CONFCOMMERCIO – IMPRESE PER L’ITALIA
OSSERVATORIO STAMPA ECONOMICA
INTERNAZIONALE
Rassegna di economia e politica internazionale a cura
dell’Area Politiche per lo Sviluppo -
Settore Internazionalizzazione
Numero: 9
1 - L’Italia
si batte per imporre la disciplina alle regioni
(Italy battles to impose
discipline on its regions)
Mentre Brussel si sforza di
imporre una disciplina fiscale sulla lontana Atene, il governo italiano si
batte per controllare le finanze pesantemente indebitate delle sue regioni.
L’Italia è come un microcosmo dell’Europa, nota Stefano Manzocchi, un
economista della Luiss, pensando alle discrepanze di ricchezza e entrate fra il
nord e il sud, e i problemi che deve affrontare un debole governo centrale nella gestione di un sistema quasi
federale mentre il debito nazionale sale alle stelle. Tre regioni hanno pesanti
debiti: Lazio, Calabria e Campania. Dati della Banca d’Italia mostrano che i
prestiti richiesti dalle autorità locali sono aumentati di 7.1 miliardi di Euro
nel 2009. Le 20 regioni incidono per l’80% sul totale delle spese. La sanità,
gestita dalle regioni, incide sui loro bilanci per il 64% e continua a
crescere. Alcune regioni si comportano bene, altre no. Nel sud i soldi vengono
spesi principalmente per tener fede alle promesse elettorali o in corruzione,
con il settore sanitario che diventa un grande contribuente alle entrate della
mafia. Le limitazioni budgetarie costringeranno le regioni ad aumentare le
tasse. Il progetto di legge per il federalismo fiscale dovrebbe mettere ordine
nelle finanze delle regioni. Contemporaneamente lo Stato sta classificando le
proprietà nazionali (edifici e risorse naturali) suddividendole fra stato,
regioni e province. Stabilire chi possiede cosa porterà alla vendita di
gioielli come caserme e fari per ridurre il debito.

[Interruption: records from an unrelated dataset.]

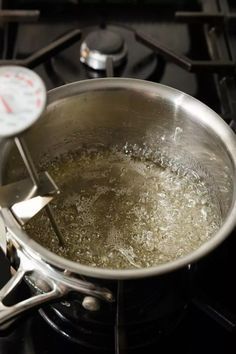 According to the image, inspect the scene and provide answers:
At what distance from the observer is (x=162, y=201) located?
74 cm

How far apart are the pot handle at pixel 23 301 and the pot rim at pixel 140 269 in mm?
28

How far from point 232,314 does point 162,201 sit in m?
0.17

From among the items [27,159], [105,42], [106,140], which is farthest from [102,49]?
[27,159]

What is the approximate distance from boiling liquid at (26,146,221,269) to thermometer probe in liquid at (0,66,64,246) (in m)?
0.22

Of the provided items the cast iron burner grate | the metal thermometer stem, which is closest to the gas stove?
the cast iron burner grate

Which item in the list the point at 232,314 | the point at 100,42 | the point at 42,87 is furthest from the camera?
the point at 100,42

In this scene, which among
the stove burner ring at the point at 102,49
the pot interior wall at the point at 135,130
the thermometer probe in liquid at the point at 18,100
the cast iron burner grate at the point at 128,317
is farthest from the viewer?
Answer: the stove burner ring at the point at 102,49

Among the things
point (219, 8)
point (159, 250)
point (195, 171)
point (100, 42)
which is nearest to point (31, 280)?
point (159, 250)

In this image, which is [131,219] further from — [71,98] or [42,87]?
[42,87]

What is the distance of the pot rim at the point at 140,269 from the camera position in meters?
0.51

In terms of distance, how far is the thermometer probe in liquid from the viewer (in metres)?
0.45

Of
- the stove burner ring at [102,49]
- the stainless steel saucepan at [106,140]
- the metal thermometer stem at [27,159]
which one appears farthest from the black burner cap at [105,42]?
the metal thermometer stem at [27,159]

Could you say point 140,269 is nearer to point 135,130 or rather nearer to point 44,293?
point 44,293

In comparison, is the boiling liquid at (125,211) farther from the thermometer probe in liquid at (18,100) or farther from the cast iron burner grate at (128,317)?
the thermometer probe in liquid at (18,100) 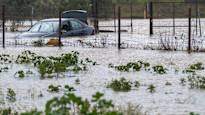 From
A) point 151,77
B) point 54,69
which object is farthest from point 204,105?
point 54,69

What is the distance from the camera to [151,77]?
49.6 ft

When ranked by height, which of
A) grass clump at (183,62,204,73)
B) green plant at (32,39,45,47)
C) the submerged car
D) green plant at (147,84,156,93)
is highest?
the submerged car

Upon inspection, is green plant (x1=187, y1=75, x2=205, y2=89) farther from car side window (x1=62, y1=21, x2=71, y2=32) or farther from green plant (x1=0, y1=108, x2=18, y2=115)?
car side window (x1=62, y1=21, x2=71, y2=32)

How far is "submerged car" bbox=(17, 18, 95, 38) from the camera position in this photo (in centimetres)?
2959

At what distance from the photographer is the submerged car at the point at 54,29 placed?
29.6 m

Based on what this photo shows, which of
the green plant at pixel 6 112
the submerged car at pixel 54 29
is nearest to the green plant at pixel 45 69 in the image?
the green plant at pixel 6 112

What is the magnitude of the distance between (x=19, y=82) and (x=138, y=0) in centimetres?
7642

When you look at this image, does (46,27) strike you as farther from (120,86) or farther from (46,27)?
(120,86)

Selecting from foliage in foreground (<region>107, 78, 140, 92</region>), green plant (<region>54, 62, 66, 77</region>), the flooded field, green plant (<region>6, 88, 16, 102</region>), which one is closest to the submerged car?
the flooded field

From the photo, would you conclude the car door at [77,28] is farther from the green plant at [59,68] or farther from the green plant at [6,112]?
the green plant at [6,112]

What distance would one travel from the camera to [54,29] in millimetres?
29656

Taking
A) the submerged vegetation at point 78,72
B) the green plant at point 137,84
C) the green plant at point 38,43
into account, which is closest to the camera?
the submerged vegetation at point 78,72

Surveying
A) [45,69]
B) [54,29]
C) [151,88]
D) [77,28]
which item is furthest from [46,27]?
[151,88]

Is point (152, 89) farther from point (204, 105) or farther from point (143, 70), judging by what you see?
point (143, 70) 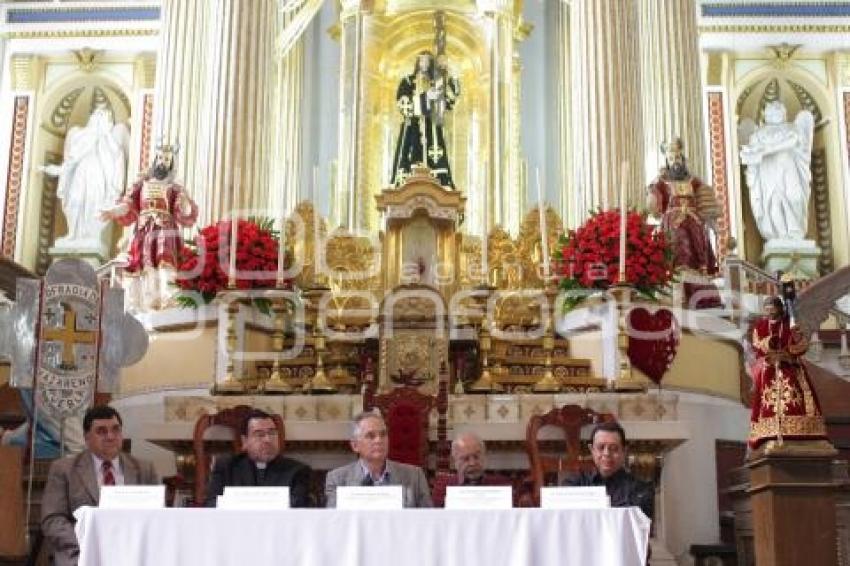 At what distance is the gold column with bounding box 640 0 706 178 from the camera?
13359 mm

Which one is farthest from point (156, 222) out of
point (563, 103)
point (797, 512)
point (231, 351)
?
point (563, 103)

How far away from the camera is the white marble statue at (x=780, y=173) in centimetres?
1744

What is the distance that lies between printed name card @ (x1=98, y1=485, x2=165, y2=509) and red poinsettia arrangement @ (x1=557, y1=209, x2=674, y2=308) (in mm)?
5075

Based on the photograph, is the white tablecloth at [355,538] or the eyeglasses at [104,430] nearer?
the white tablecloth at [355,538]

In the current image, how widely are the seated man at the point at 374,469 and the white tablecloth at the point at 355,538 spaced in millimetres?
1252

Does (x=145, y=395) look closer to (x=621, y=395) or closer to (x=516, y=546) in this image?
(x=621, y=395)

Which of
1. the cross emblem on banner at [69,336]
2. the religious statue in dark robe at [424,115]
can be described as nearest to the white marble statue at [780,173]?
A: the religious statue in dark robe at [424,115]

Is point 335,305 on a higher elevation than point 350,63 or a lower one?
lower

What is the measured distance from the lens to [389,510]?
4164 millimetres

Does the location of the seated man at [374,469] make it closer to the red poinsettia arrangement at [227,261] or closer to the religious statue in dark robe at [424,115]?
the red poinsettia arrangement at [227,261]

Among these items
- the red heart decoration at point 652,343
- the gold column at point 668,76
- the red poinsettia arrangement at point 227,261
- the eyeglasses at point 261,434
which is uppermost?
the gold column at point 668,76

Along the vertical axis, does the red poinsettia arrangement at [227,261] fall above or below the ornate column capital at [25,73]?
below

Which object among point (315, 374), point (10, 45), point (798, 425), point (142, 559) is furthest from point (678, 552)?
point (10, 45)

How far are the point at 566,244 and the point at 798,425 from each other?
12.2ft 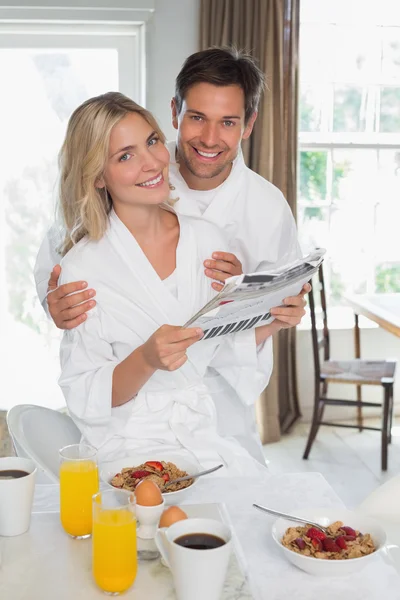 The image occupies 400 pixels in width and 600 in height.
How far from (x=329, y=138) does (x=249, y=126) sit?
8.30 feet

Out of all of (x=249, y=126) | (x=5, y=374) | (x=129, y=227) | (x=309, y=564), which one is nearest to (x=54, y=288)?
(x=129, y=227)

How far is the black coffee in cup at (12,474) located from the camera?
1342 millimetres

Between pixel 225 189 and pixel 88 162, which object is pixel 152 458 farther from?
pixel 225 189

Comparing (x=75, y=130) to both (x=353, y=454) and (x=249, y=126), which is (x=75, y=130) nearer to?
(x=249, y=126)

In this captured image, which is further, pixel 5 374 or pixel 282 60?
pixel 5 374

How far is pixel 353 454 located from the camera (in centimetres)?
411

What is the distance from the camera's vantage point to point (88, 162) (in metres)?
1.87

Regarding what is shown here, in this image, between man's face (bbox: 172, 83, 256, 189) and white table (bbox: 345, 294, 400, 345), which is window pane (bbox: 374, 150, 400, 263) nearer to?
white table (bbox: 345, 294, 400, 345)

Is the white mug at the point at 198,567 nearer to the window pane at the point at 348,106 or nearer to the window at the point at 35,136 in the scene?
the window at the point at 35,136

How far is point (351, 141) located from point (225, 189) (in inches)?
104

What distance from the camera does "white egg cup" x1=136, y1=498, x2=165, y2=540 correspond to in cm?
127

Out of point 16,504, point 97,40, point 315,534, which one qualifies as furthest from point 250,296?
point 97,40

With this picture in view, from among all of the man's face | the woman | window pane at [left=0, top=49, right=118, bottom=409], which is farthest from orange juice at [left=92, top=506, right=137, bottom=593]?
window pane at [left=0, top=49, right=118, bottom=409]

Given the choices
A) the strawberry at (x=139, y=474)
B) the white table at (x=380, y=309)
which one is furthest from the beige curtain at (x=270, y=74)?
the strawberry at (x=139, y=474) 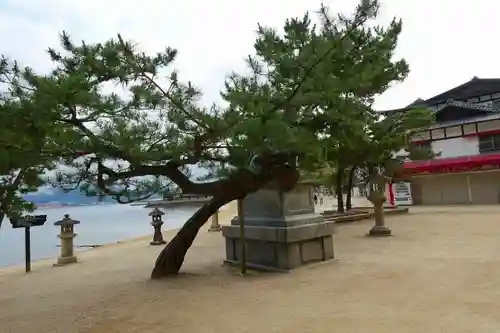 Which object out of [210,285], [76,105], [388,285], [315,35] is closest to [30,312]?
[210,285]

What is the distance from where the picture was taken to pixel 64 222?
857 centimetres

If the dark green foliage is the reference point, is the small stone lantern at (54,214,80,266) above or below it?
below

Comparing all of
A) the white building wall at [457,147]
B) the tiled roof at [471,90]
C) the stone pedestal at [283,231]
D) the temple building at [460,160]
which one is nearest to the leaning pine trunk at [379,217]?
the stone pedestal at [283,231]

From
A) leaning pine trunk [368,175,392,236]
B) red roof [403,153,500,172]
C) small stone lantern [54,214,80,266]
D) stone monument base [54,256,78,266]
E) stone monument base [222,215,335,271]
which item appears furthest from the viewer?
red roof [403,153,500,172]

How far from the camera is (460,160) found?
59.3 feet

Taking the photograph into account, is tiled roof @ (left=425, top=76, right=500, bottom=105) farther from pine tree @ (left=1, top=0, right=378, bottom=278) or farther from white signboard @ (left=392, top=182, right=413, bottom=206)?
pine tree @ (left=1, top=0, right=378, bottom=278)

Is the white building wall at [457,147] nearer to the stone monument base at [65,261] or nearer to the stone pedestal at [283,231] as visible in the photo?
the stone pedestal at [283,231]

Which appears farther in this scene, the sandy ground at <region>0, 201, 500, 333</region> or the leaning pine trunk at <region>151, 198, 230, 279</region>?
the leaning pine trunk at <region>151, 198, 230, 279</region>

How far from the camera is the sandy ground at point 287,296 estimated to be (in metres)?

(Financial Times, 24 maggio 2010, pag.2)
2
- Crisi agricola: i distributori “si impegnano” a ridurre i loro margini
(Crise agricole: les
distributeurs “s’engagent” à réduire leurs marges)

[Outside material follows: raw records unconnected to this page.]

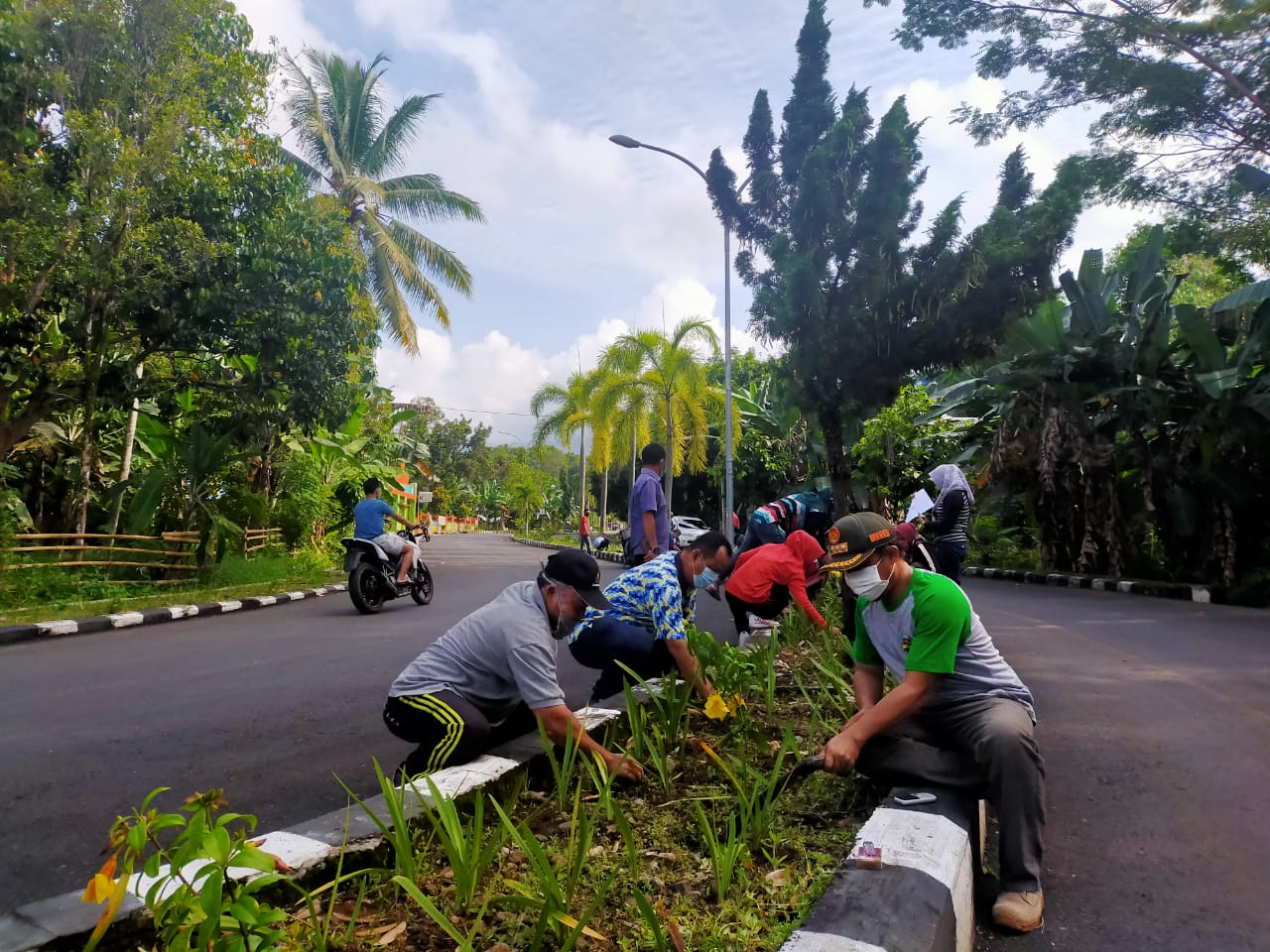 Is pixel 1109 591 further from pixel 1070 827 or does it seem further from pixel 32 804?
pixel 32 804

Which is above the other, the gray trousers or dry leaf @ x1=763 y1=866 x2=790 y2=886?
the gray trousers

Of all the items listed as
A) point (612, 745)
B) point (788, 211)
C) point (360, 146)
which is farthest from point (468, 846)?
point (360, 146)

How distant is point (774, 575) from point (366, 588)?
→ 6.16 metres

La grande distribuzione si
impegnerà a ridurre i suoi margini in caso di crisi nel settore frutta e
legumi, l’annuncio è stato fatto dalla Federazione delle imprese del commercio
e della distribuzione (FCD) a poche ore da una riunione con il Capo dello Stato
sulla materia.
Ogni insegna firmerà il suo
impegno individualmente. Sarkozy ha minacciato di aggiungere una tassa sulla
superficie commerciale alle imprese che non si impegneranno in questo senso.
La FDO si dice contraria
all’introduzione di una tassa perché sostiene che in ultima istanza sono sempre
i consumatori a pagare. Secondo la legge, spetta al governo indicare quando
frutta e legumi sono in stato di crisi, e la situazione è tale per il calo dei
consistente dei prezzi rispetto alla media degli ultimi cinque anni.